### TASK INSTRUCTIONS
Your task is to reproduce the listing exactly, without its images.

### DATASET EXTRACT
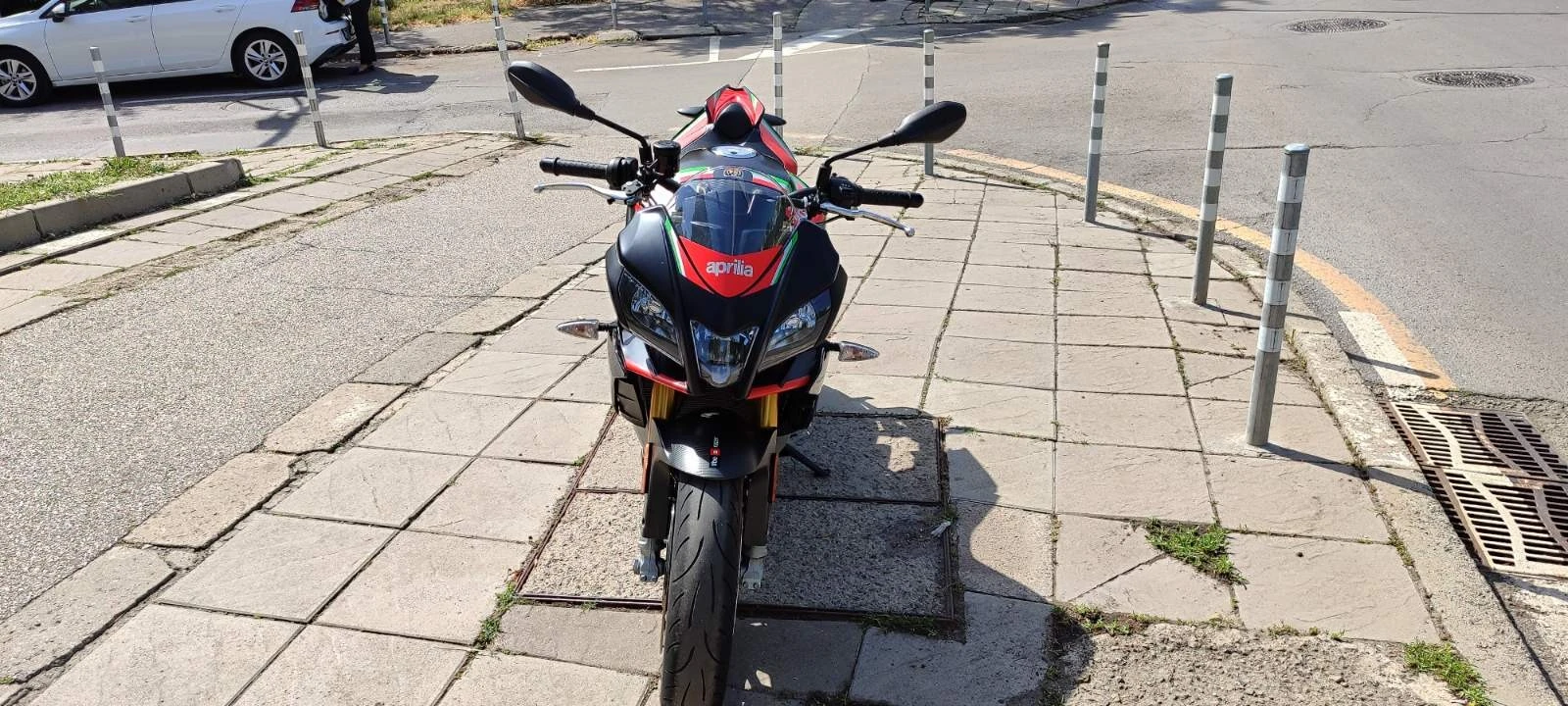 Aprilia Tuono V4 FACTORY - изображение 3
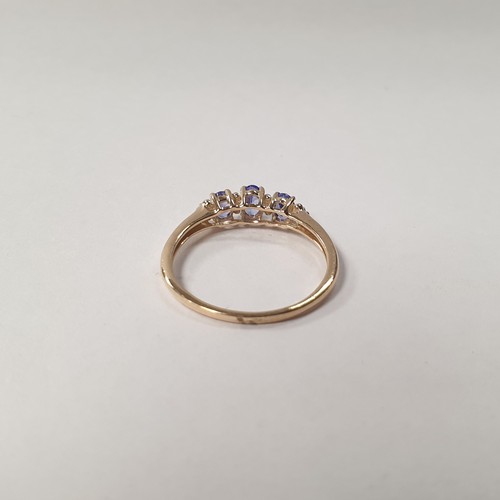 276 - 9ct Gold Diamond & Tanzanite Cluster Ring, Size: S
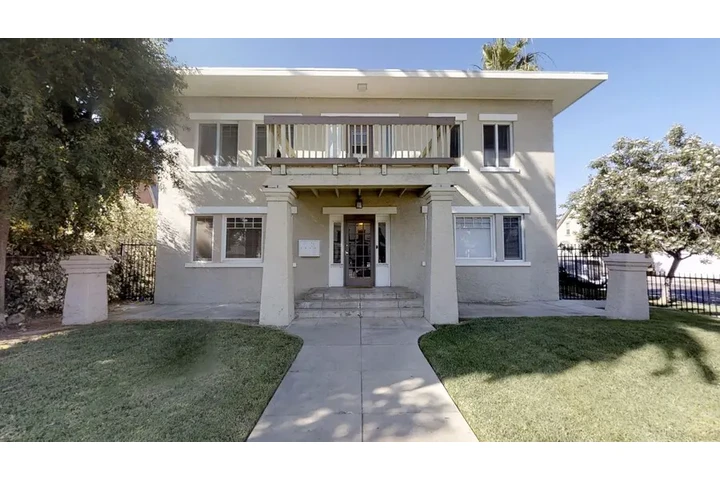 $1300 : Available now! 2 BD, 1 BA image 2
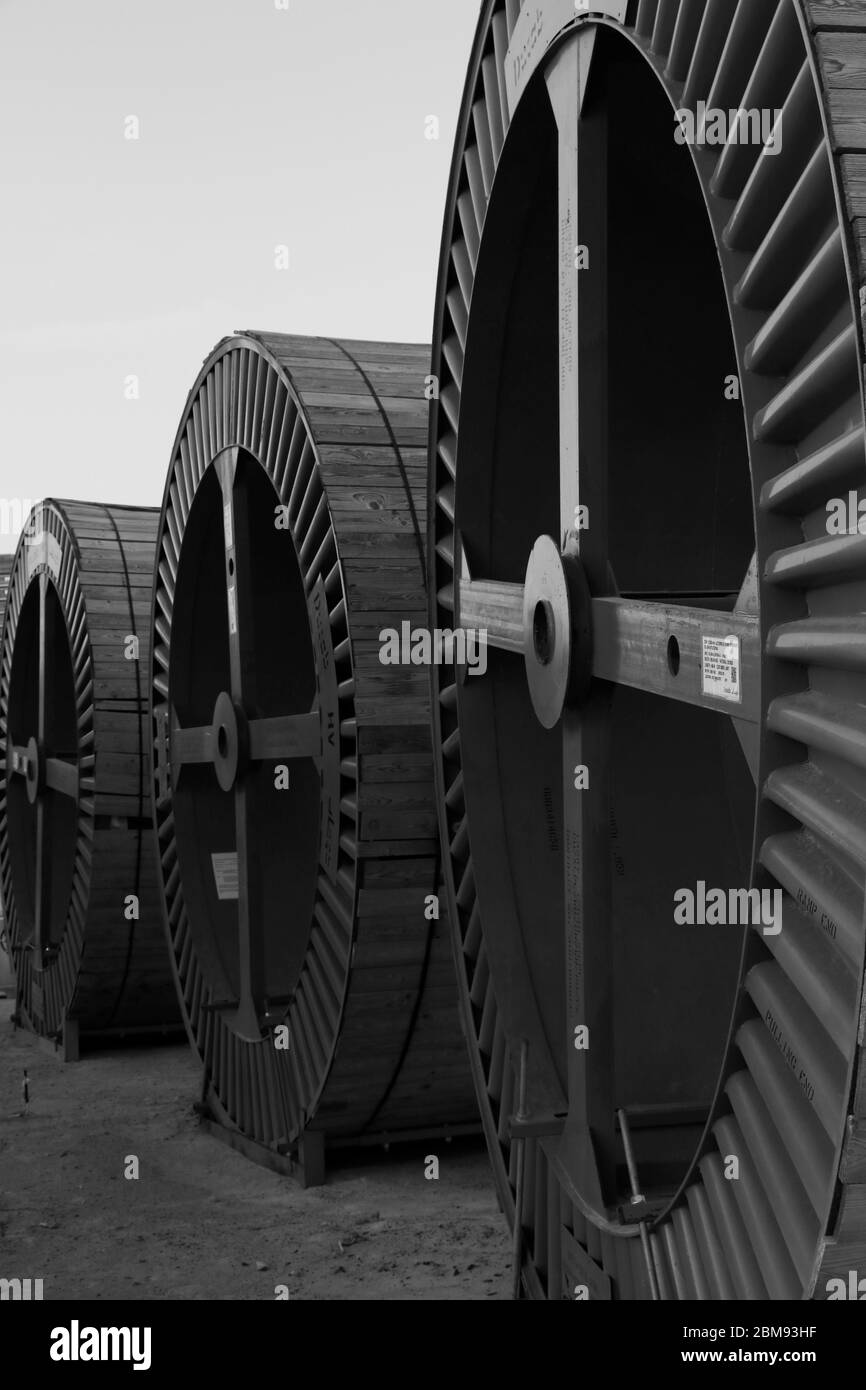 enorme rotolo di cavi in fibra per uso industriale, in bianco e nero Foto Stock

### SOLUTION
 Aprilia Tuono V4 FACTORY - изображение 3
 276 - 9ct Gold Diamond & Tanzanite Cluster Ring, Size: S
 $1300 : Available now! 2 BD, 1 BA image 2
 enorme rotolo di cavi in fibra per uso industriale, in bianco e nero Foto Stock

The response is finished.